[INPUT DATA — start]

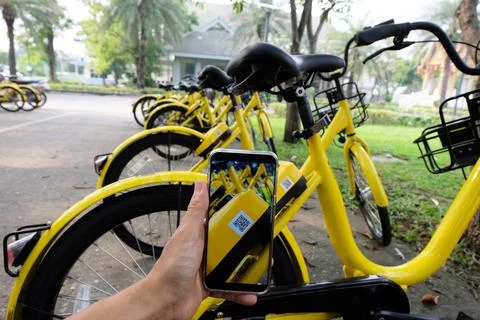Man's hand scanning a QR code using smart phone to unlock bike,Modern smart p Stock Photos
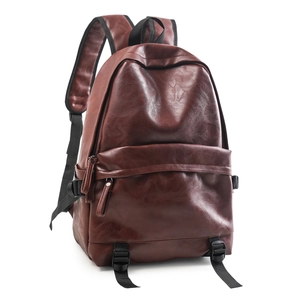 Detail view of large brown soft leather backpack with litchi texture and buckle strap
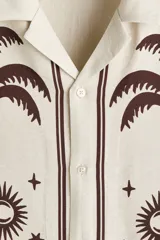 Camisa de manga corta color beige, con cuello abierto y cierre frontal de botones. Presenta un estampado en marrón de palmeras, soles y estrellas, con líneas en los bordes.
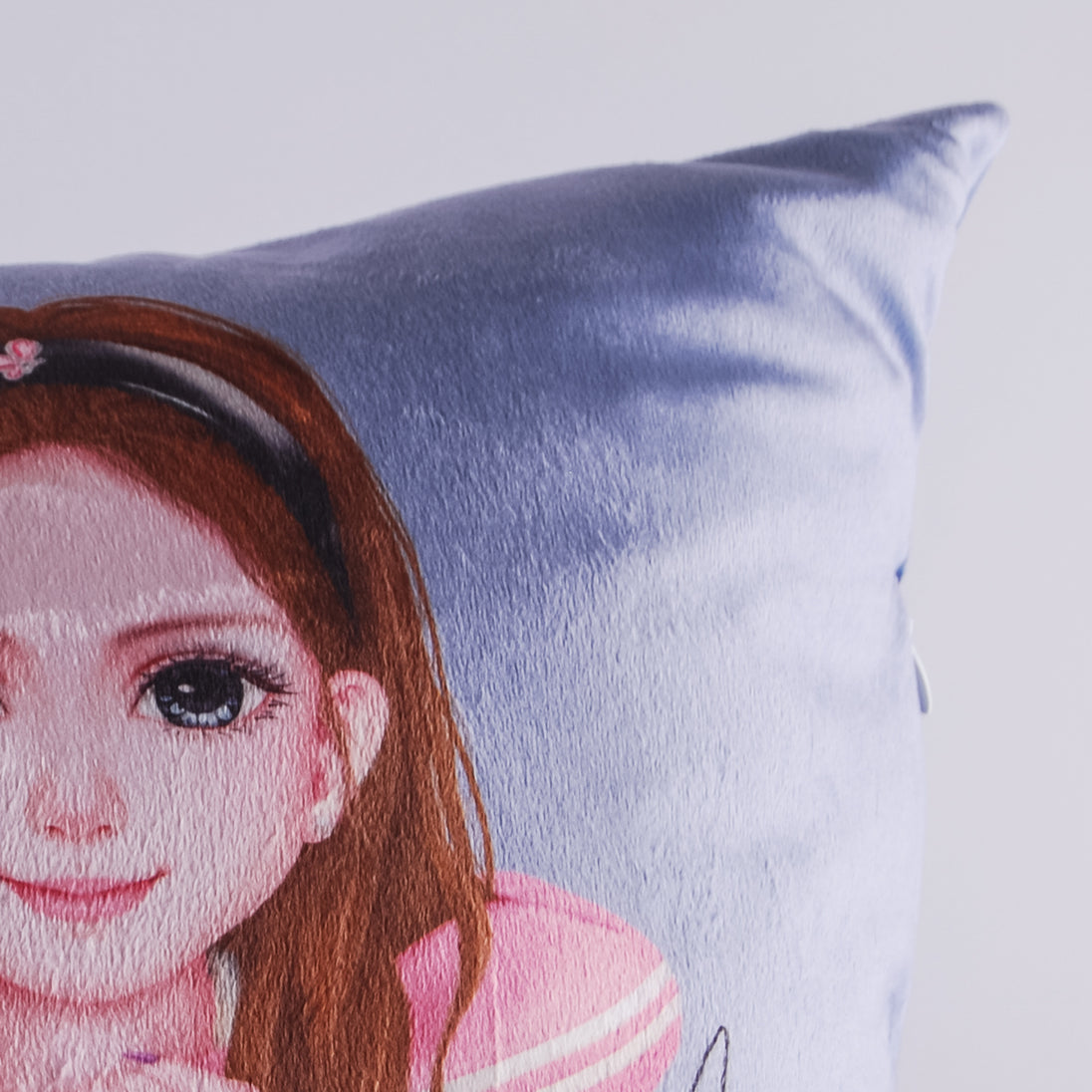 Close-up showing the ultra soft plush material of the WeGirls pillo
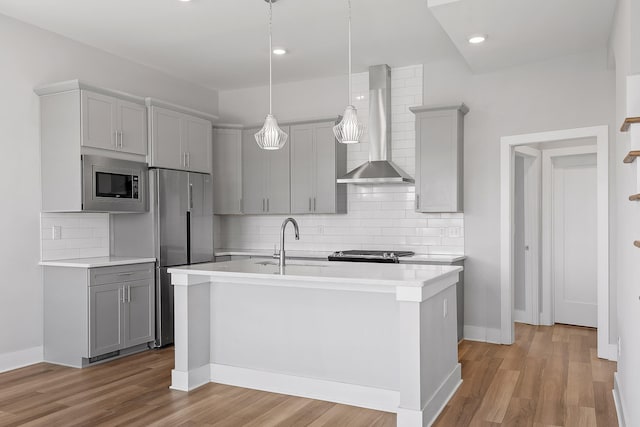 kitchen featuring appliances with stainless steel finishes, light wood-type flooring, sink, wall chimney range hood, and gray cabinets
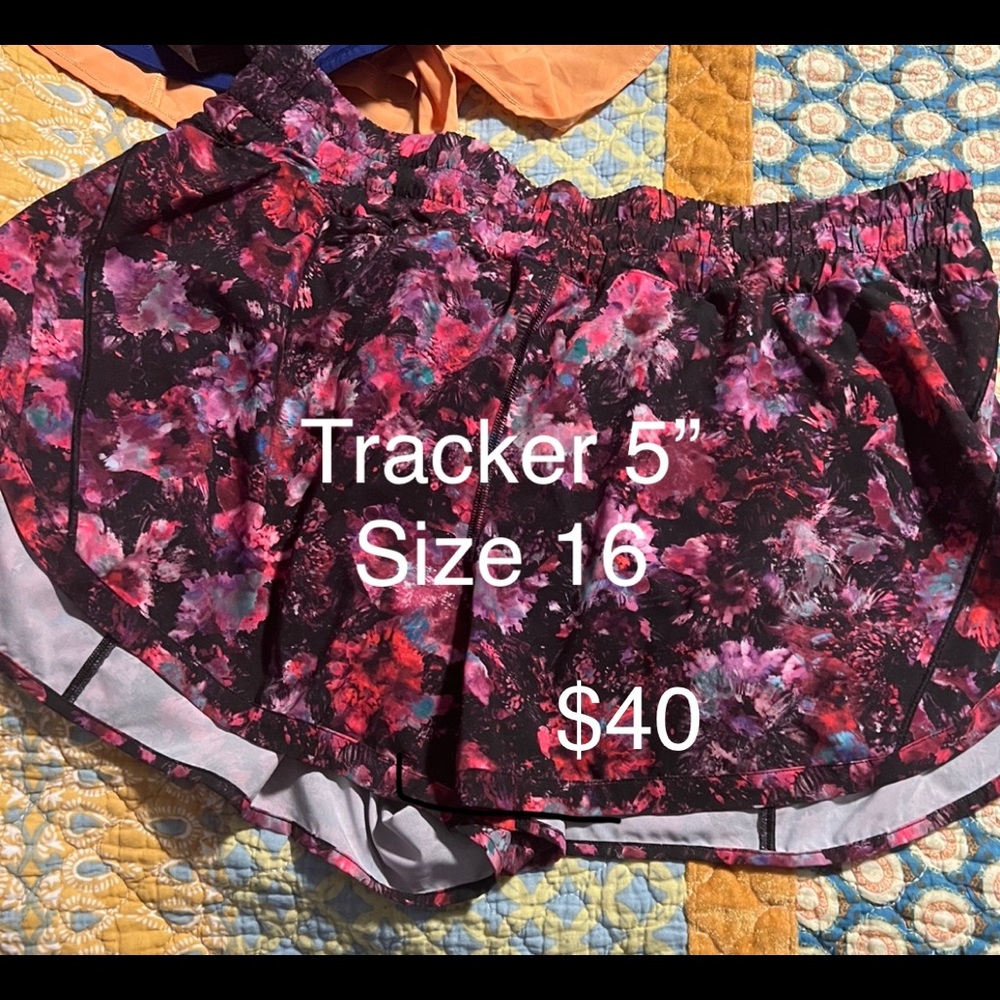 Lululemon tracker shorts, pink floral pattern. 5” inseam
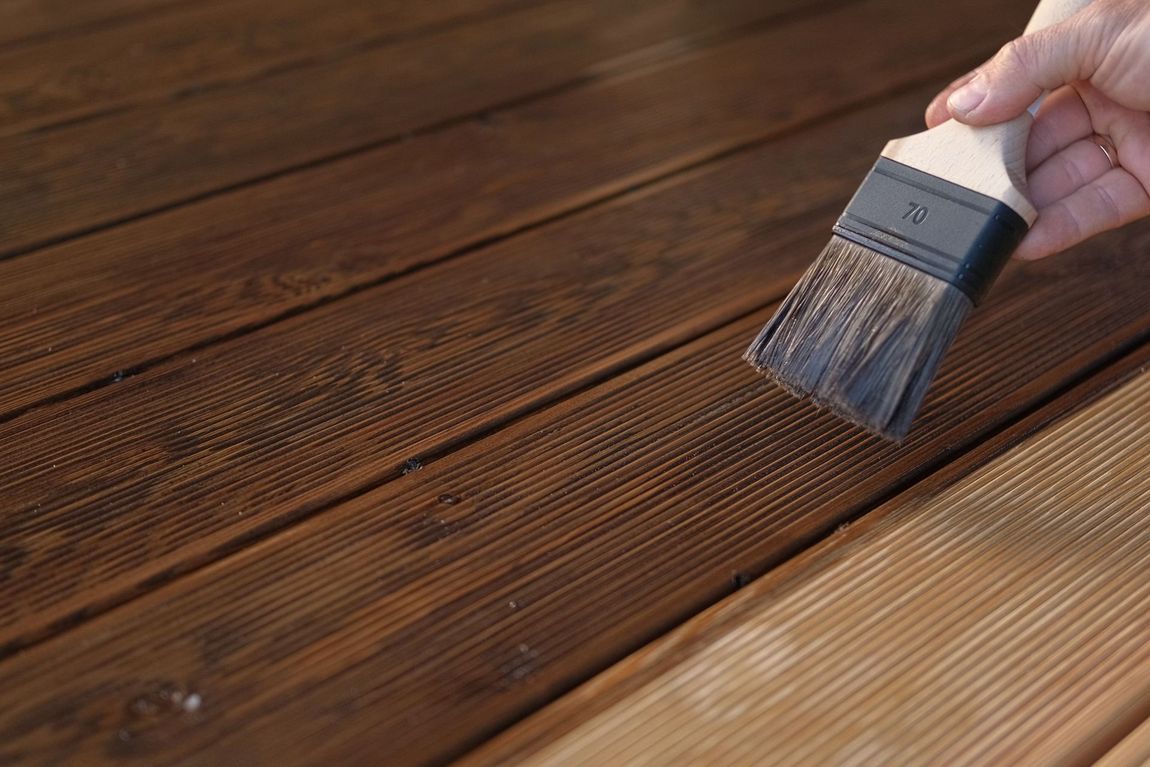 A person pours light green paint from a white bucket into a green roller tray on a drop cloth-covered floor.
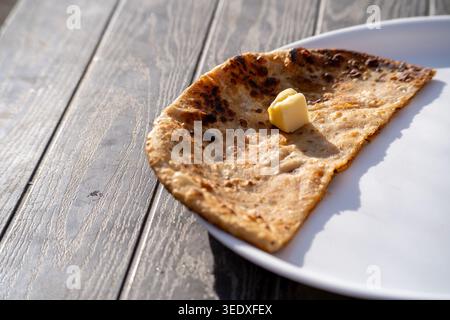 Traditionelle indische Aloo Paratha serviert mit schmelzender Butter auf einem Teller bei einer Dhaba am Straßenrand während der sonnigen Frühstückszeit. Stockfoto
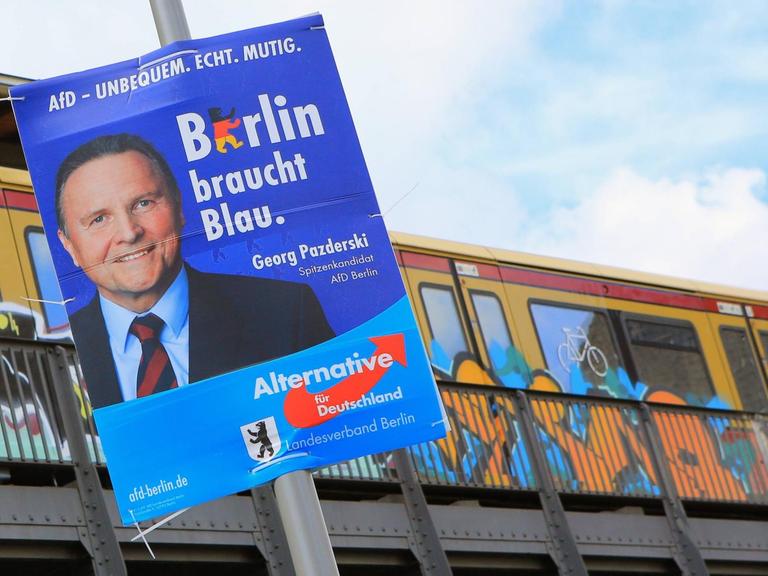 Georg Pazderski, Spitzenkandidat der AfD in Berlin, ist auf einem Wahlplakate zu sehen, das an einem Pfahl vor einer S-Bahn-Strecke hängt.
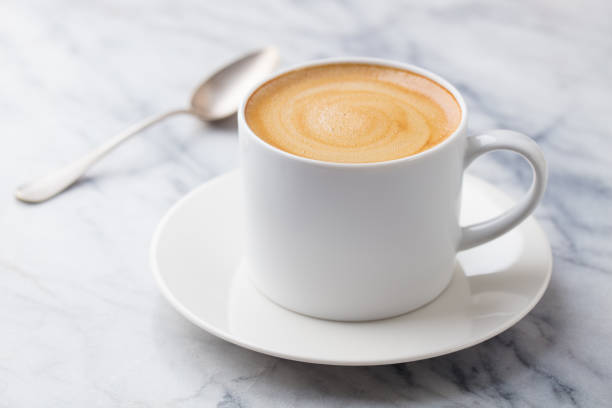 istock Coffee, espresso in white cup. Marble background. Close up. 1276911420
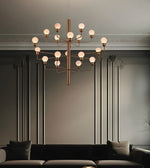 A modern multi-light chandelier with a brushed brass/gold metal frame and frosted white globe bulbs, hanging in a styled living room with a dark gray wall, decorative molding, and a dark sofa below.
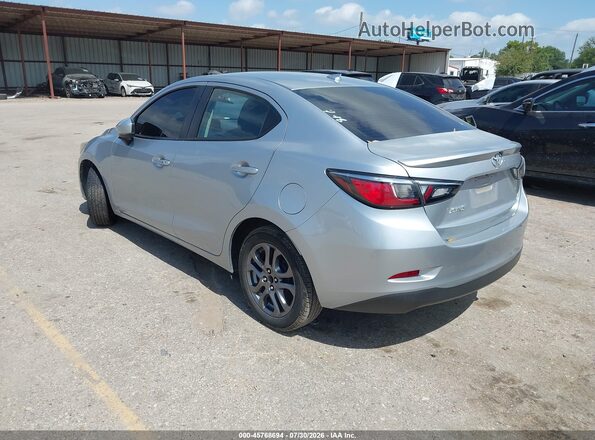 3MYDLBYV5KY506258 2019 TOYOTA YARIS Silver Tył lewy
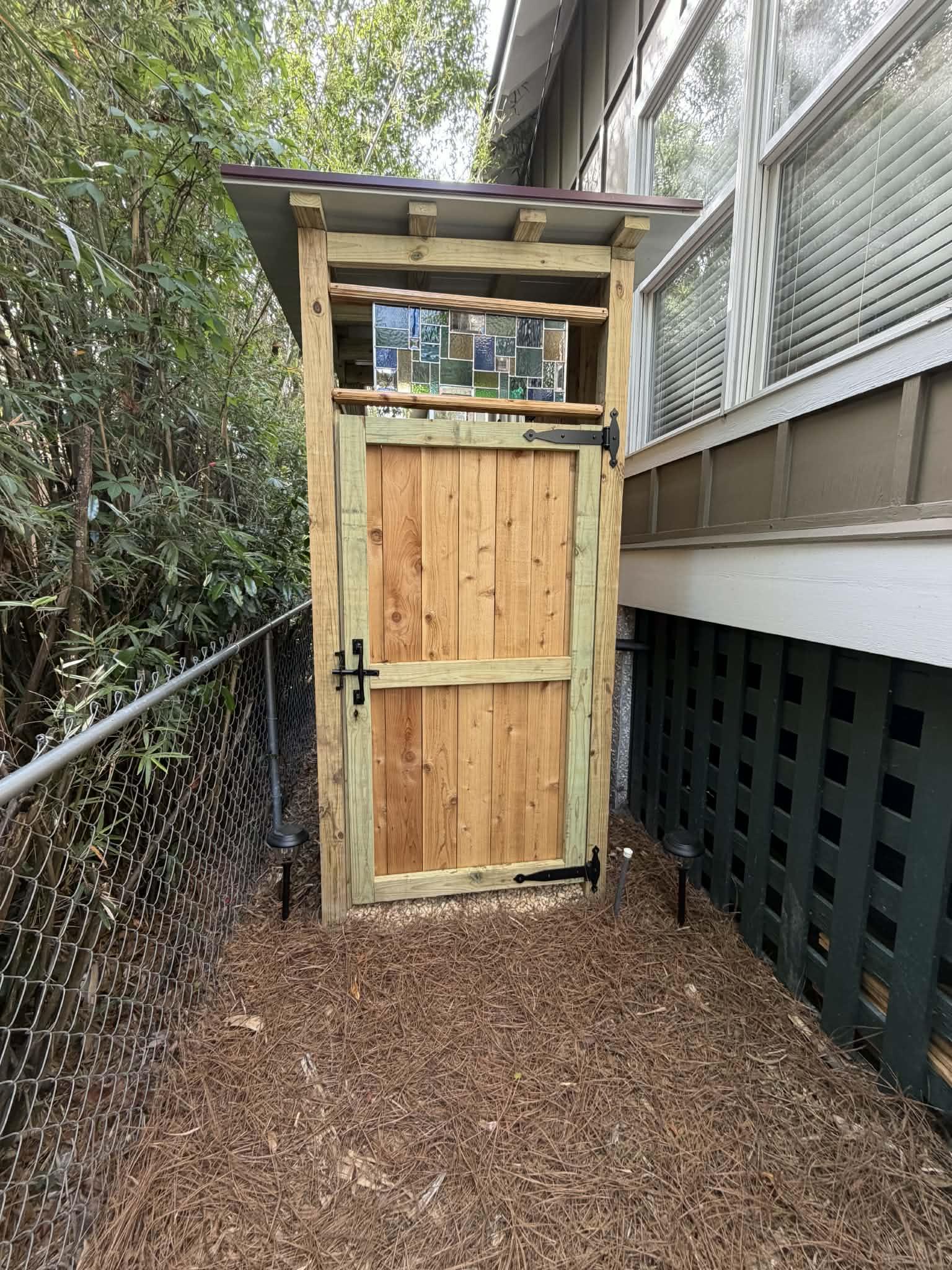 View of the private outdoor shower located on the side of the home at 1041 Ocean View.
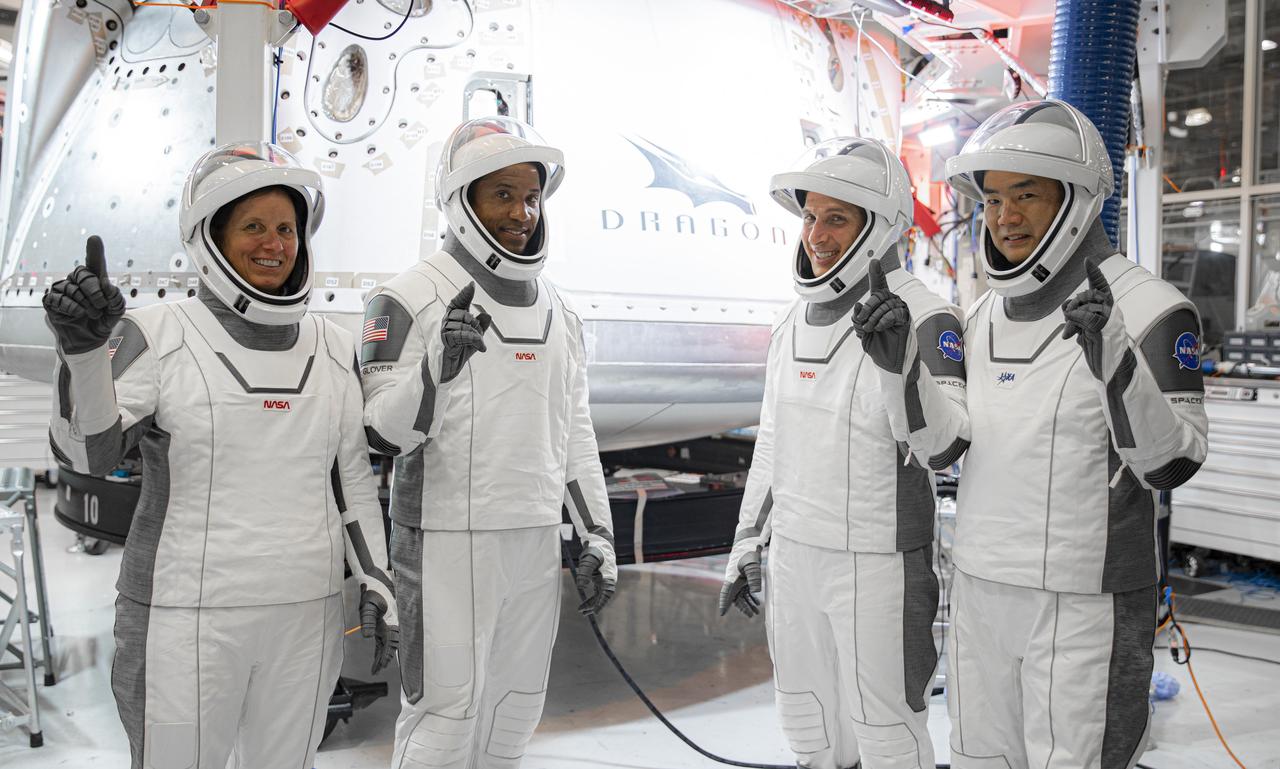 NASA’s SpaceX Crew-1 astronauts participate in crew equipment interface testing at SpaceX headquarters in Hawthorne, California, on Sept. 24, 2020. From left are mission specialist Shannon Walker, pilot Victor Glover, and Crew Dragon commander Michael Hopkins, all NASA astronauts, and mission specialist Soichi Noguchi, Japan Aerospace Exploration Agency (JAXA) astronaut. NASA’s SpaceX Crew-1 mission is the first crew rotational flight of a U.S. commercial spacecraft with astronauts to the International Space Station. The Crew-1 mission will launch from Launch Complex 39A at Kennedy Space Center in Florida. Crew-1 is part of NASA's Commercial Crew Program, which has returned human spaceflight capabilities to the U.S.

[INPUT DATA — finish]

EXERCISE DIRECTIONS – Give back each entry exactly as it appears. Leave pictures out.

RESPONSE BOX –
Man's hand scanning a QR code using smart phone to unlock bike,Modern smart p Stock Photos
 Detail view of large brown soft leather backpack with litchi texture and buckle strap
 Camisa de manga corta color beige, con cuello abierto y cierre frontal de botones. Presenta un estampado en marrón de palmeras, soles y estrellas, con líneas en los bordes.
 Close-up showing the ultra soft plush material of the WeGirls pillo
 kitchen featuring appliances with stainless steel finishes, light wood-type flooring, sink, wall chimney range hood, and gray cabinets
 Lululemon tracker shorts, pink floral pattern. 5” inseam
 A person pours light green paint from a white bucket into a green roller tray on a drop cloth-covered floor.
 Traditionelle indische Aloo Paratha serviert mit schmelzender Butter auf einem Teller bei einer Dhaba am Straßenrand während der sonnigen Frühstückszeit. Stockfoto
 Georg Pazderski, Spitzenkandidat der AfD in Berlin, ist auf einem Wahlplakate zu sehen, das an einem Pfahl vor einer S-Bahn-Strecke hängt.
 istock Coffee, espresso in white cup. Marble background. Close up. 1276911420
 A modern multi-light chandelier with a brushed brass/gold metal frame and frosted white globe bulbs, hanging in a styled living room with a dark gray wall, decorative molding, and a dark sofa below.
 3MYDLBYV5KY506258 2019 TOYOTA YARIS Silver Tył lewy
 View of the private outdoor shower located on the side of the home at 1041 Ocean View.
 NASA’s SpaceX Crew-1 astronauts participate in crew equipment interface testing at SpaceX headquarters in Hawthorne, California, on Sept. 24, 2020. From left are mission specialist Shannon Walker, pilot Victor Glover, and Crew Dragon commander Michael Hopkins, all NASA astronauts, and mission specialist Soichi Noguchi, Japan Aerospace Exploration Agency (JAXA) astronaut. NASA’s SpaceX Crew-1 mission is the first crew rotational flight of a U.S. commercial spacecraft with astronauts to the International Space Station. The Crew-1 mission will launch from Launch Complex 39A at Kennedy Space Center in Florida. Crew-1 is part of NASA's Commercial Crew Program, which has returned human spaceflight capabilities to the U.S.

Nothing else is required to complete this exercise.